DIRECTIONS FOR THIS TASK:
Reproduce each record below in full, word for word, without images.

════════════════

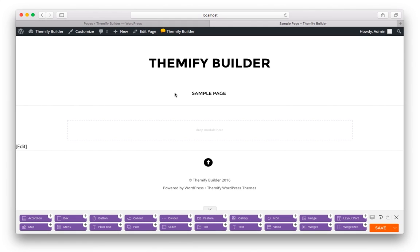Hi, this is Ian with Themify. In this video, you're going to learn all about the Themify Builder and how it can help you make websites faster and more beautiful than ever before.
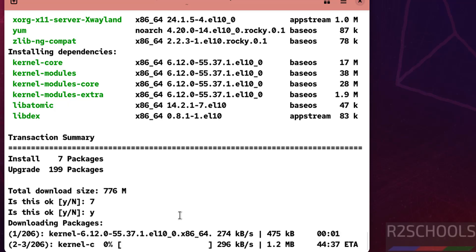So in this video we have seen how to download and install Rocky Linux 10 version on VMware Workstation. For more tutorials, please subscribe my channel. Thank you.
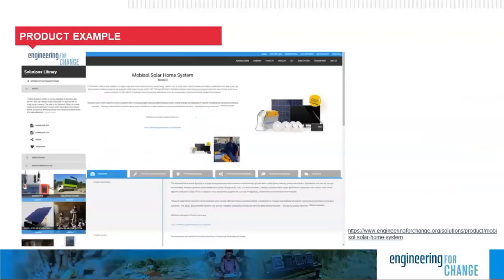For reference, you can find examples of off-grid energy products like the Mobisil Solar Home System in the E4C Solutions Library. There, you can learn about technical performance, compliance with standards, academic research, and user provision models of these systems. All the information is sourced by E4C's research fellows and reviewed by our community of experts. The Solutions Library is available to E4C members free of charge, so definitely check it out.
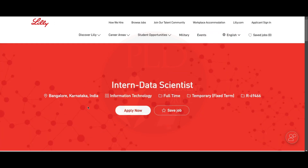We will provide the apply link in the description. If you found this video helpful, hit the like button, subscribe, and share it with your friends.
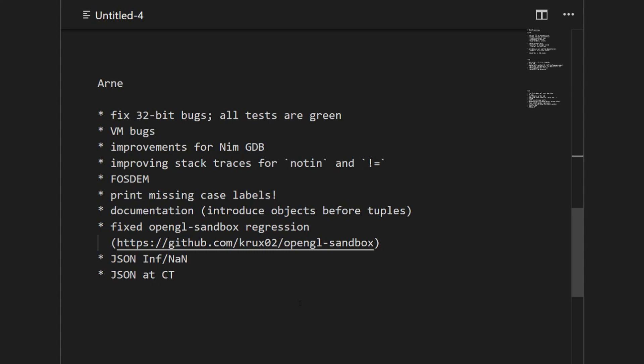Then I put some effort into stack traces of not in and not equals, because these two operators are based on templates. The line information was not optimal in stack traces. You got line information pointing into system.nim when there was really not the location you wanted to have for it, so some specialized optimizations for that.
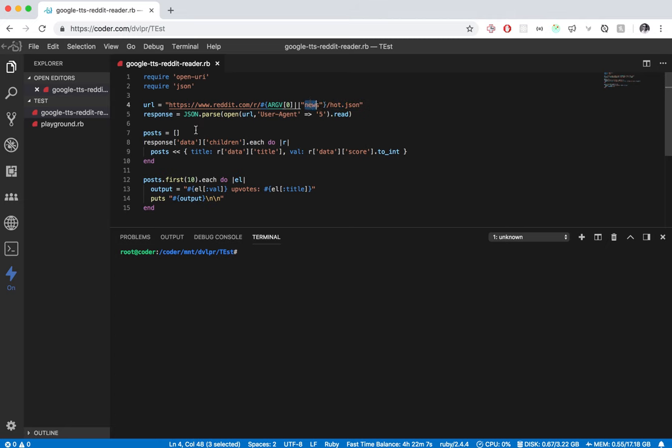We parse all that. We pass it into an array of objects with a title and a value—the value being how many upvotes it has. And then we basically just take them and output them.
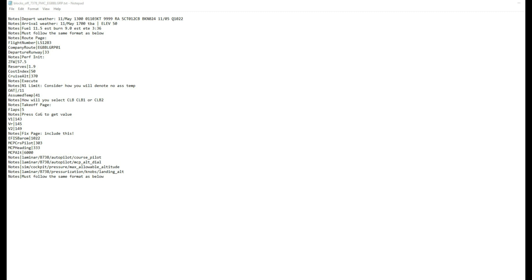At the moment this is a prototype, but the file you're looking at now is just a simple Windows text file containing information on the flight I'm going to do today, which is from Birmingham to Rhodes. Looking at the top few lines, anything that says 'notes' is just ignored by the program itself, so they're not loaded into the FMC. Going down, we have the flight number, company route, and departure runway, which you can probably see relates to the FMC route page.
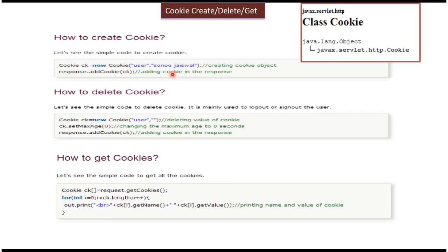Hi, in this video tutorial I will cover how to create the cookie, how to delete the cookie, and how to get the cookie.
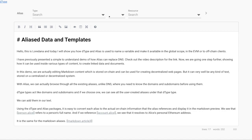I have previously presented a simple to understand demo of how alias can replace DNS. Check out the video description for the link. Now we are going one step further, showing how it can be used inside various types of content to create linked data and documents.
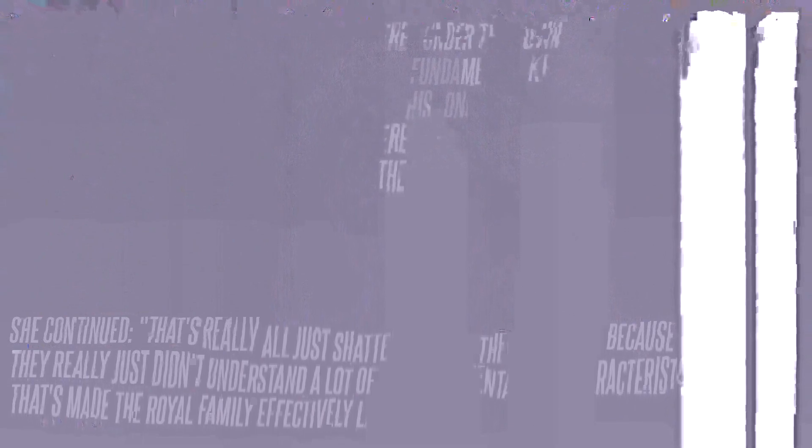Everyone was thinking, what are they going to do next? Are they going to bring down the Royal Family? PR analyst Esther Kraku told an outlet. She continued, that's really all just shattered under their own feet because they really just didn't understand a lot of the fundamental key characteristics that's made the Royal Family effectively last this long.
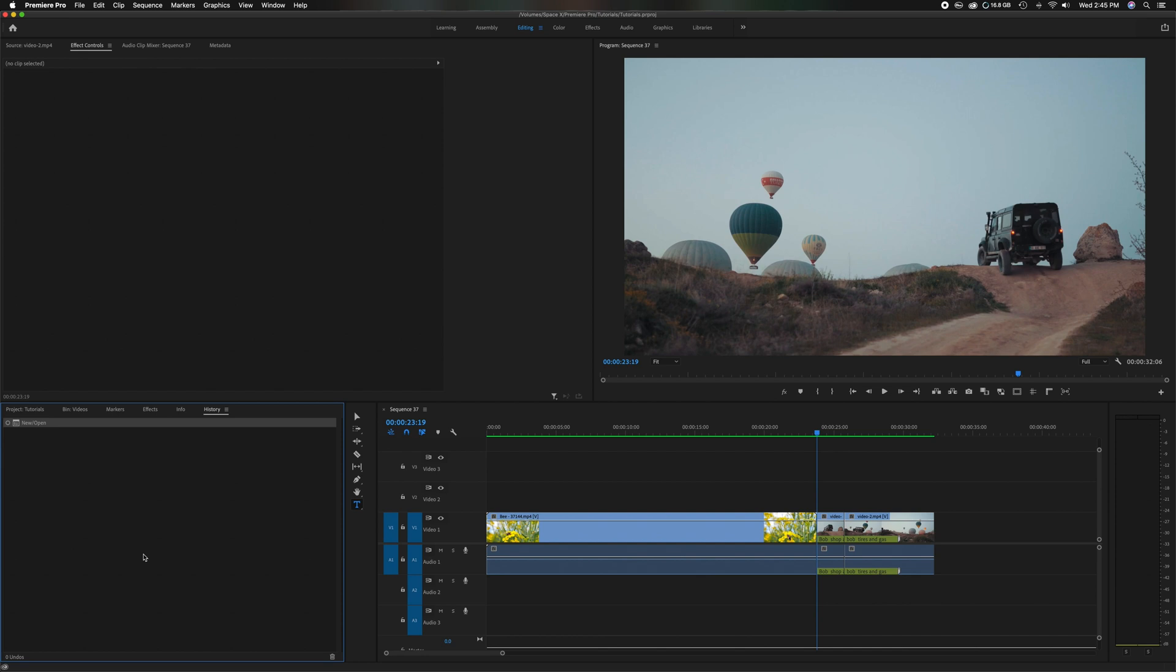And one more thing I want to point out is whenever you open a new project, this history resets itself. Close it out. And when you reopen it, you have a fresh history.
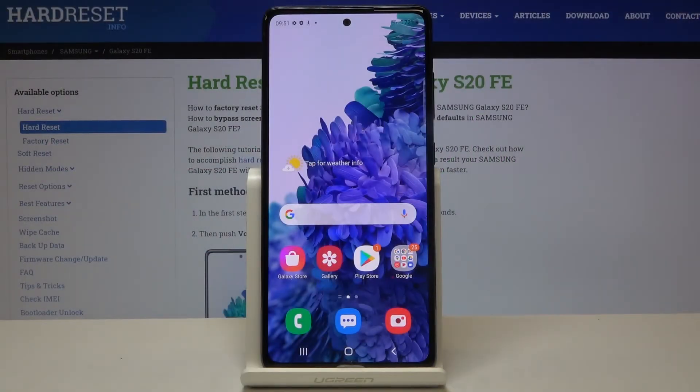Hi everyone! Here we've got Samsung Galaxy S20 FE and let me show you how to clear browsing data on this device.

════════════════

ANSWER TO THIS EXERCISE:
Hi, this is Ian with Themify. In this video, you're going to learn all about the Themify Builder and how it can help you make websites faster and more beautiful than ever before.
So in this video we have seen how to download and install Rocky Linux 10 version on VMware Workstation. For more tutorials, please subscribe my channel. Thank you.
For reference, you can find examples of off-grid energy products like the Mobisil Solar Home System in the E4C Solutions Library. There, you can learn about technical performance, compliance with standards, academic research, and user provision models of these systems. All the information is sourced by E4C's research fellows and reviewed by our community of experts. The Solutions Library is available to E4C members free of charge, so definitely check it out.
We will provide the apply link in the description. If you found this video helpful, hit the like button, subscribe, and share it with your friends.
Then I put some effort into stack traces of not in and not equals, because these two operators are based on templates. The line information was not optimal in stack traces. You got line information pointing into system.nim when there was really not the location you wanted to have for it, so some specialized optimizations for that.
We parse all that. We pass it into an array of objects with a title and a value—the value being how many upvotes it has. And then we basically just take them and output them.
At the moment this is a prototype, but the file you're looking at now is just a simple Windows text file containing information on the flight I'm going to do today, which is from Birmingham to Rhodes. Looking at the top few lines, anything that says 'notes' is just ignored by the program itself, so they're not loaded into the FMC. Going down, we have the flight number, company route, and departure runway, which you can probably see relates to the FMC route page.
Hi, in this video tutorial I will cover how to create the cookie, how to delete the cookie, and how to get the cookie.
I have previously presented a simple to understand demo of how alias can replace DNS. Check out the video description for the link. Now we are going one step further, showing how it can be used inside various types of content to create linked data and documents.
Everyone was thinking, what are they going to do next? Are they going to bring down the Royal Family? PR analyst Esther Kraku told an outlet. She continued, that's really all just shattered under their own feet because they really just didn't understand a lot of the fundamental key characteristics that's made the Royal Family effectively last this long.
And one more thing I want to point out is whenever you open a new project, this history resets itself. Close it out. And when you reopen it, you have a fresh history.
Hi everyone! Here we've got Samsung Galaxy S20 FE and let me show you how to clear browsing data on this device.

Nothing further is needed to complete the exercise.